The concern over lab-grown or synthetic diamonds, surrounds an unscrupulous practice of mixing undisclosed synthetic diamonds in packages of natural small diamonds called melee.
There is no accurate data to show how often this activity takes place in the supply chain, but the practice has put the global diamond and jewellery industry on its guard. The presence of undisclosed synthetics in diamond jewellery challenges the ethics of the industry and threatens to undermine its reputation.
“If the identity of any class of natural diamond is brought into question, we run the risk of undermining the reputation of the entire category,” said Gaetano Cavalieri, President of the World Jewellery Confederation (CIBJO). “I have no issue with a consumer making a choice between an inexpensive item of jewellery set with smaller, lower-cost natural stones and a piece featuring an attractive larger synthetic diamond, as long as he or she knows exactly what is on the table. But we must not dismiss the urgency of proper disclosure in the lower-price ranges.”
Cavalieri added, “We cannot fall into a trap whereby we equate the value of melee and synthetic diamonds, and therefore discount the importance of clearly distinguishing between the two.
“In doing so, we ultimately would risk the reputation of all diamonds, and weaken the position of a product category that currently represents about half of all jewellery sales.”
A key focus of the technology race now under way between laboratory groups is their capability to detect undisclosed synthetics in the smallest of diamonds.
De Beers’ IIDGR (International Institute of Diamond Grading & Research) has been at the forefront of the race to detect synthetics in minuscule diamonds. SYNTHdetect, the latest addition to its screening and detection instruments, can trace synthetics in diamond and jewellery samples to a small fraction of a point, IIDGR executives say. The machinery sends suspected synthetics for referral.

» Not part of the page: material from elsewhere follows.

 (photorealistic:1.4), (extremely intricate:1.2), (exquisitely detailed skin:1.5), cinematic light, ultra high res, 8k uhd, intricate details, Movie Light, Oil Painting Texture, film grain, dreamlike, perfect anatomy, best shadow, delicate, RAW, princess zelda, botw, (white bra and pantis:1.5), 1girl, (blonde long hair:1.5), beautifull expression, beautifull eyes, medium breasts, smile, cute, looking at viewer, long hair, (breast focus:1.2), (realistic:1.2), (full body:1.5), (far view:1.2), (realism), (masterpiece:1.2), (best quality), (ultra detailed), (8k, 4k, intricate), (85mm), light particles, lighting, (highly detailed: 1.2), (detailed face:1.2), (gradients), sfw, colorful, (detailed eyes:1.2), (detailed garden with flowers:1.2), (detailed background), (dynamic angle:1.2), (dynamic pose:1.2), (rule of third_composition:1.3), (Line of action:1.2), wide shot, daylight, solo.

IIDGR, which has a state-of-the-art laboratory facility in Maidenhead, has invested heavily in upgrading its detection technologies. “De Beers is a world leader in synthesis and as such our research is years ahead of the industry,” said Jonathan Kendall, president of IIDGR. “This benefit means that our IIDGR synthetic detection equipment delivers on future risks surrounding any lab-grown diamond material and is really cutting-edge,” he added.
“Detection equipment is here to support the industry. It is not profitable but for a business like De Beers we develop it to maintain integrity and consumer confidence in diamonds.”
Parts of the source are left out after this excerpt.